In evaluating the sum:
$$\tag{1}\label{e1}\sum\limits_{j = 1 < h}^N {\left( {{e^{\frac{{i\pi }}{N}\left( {{s_1}j + {s_2}h} \right)}} - {e^{\frac{{i\pi }}{N}\left( {{s_1}h + {s_2}j} \right)}}} \right)} $$
where both ${s_1}$ and ${s_2}$ are fixed odd numbers not equal to each other, I found that the sum in (\ref{e1}) is always zero unless ${s_1} + {s_2} = 2mN$. I can prove this result by hard calculation described below, but I wonder if there is a more elegant/insightful way of proving it, which may involve some algebraic properties of these roots of unity.

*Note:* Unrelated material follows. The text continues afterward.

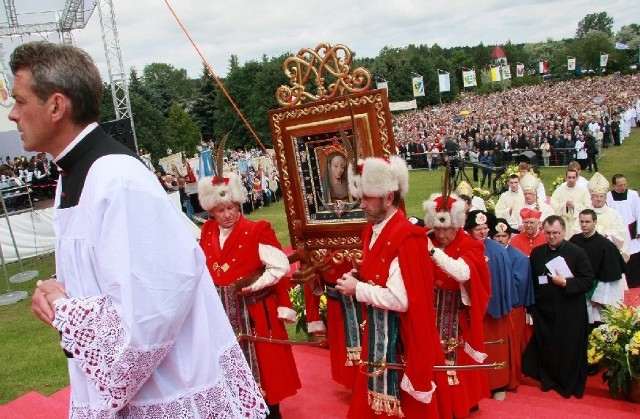 Zdaniem wicekustosza rokitniańskiego sanktuarium ks. dr Józefa Tomiaka, w uroczystościach wzięło udział około 30 tys. wiernych.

Hard calculation by converting it into a geometric series:
$$\tag{2}\label{e2}\displaylines{
\sum\limits_{j = 1 < h}^N {{e^{i\frac{\pi }{N}\left[ {{s_1}j + {s_2}h} \right]}}} = \sum\limits_{k = 1}^{N - 1} {\sum\limits_{n = 1}^{N - k} {{e^{i\frac{\pi }{N}\left[ {\left( {{s_1} + {s_2}} \right)k + {s_2}n} \right]}}} } \cr
= 2{e^{i\frac{{\left( {{s_1} + {s_2}} \right)\pi }}{N}}} \cdot {\left( {1 - {e^{i\frac{{{s_1}\pi }}{N}}}} \right)^{ - 1}} \cdot {\left( {1 - {e^{i\frac{{{s_2}\pi }}{N}}}} \right)^{ - 1}} \cr} $$
when ${s_1}$ and ${s_2}$ are fixed odd numbers with ${s_1} + {s_2} \ne 2mN$. I notice the result in (\ref{e2}) is invariant with ${s_1}$ and ${s_2}$ exchanged and hence the original sum in (\ref{e1}) equals to zero. If indeed ${s_1} + {s_2} = 2mN$ then
$$\tag{3}\label{e3}\displaylines{
\sum\limits_{j = 1 < h}^N {{e^{i\frac{\pi }{N}\left[ {{s_1}j + {s_2}h} \right]}}} = \sum\limits_{k = 1}^{N - 1} {\sum\limits_{n = 1}^{N - k} {{e^{i\frac{\pi }{N}\left[ {\left( {{s_1} + {s_2}} \right)k + {s_2}n} \right]}}} } \cr
= \sum\limits_{k = 1}^{N - 1} {\sum\limits_{n = 1}^{N - k} {{e^{i\frac{{{s_2}\pi }}{N}n}}} } \cr
= \left( {N{e^{i\frac{{{s_2}\pi }}{N}}} + 2 - N} \right){\left( {2 - 2\cos \frac{{{s_2}\pi }}{N}} \right)^{ - 1}} \cr} $$
and therefore the original sum in (\ref{e1}) is not zero.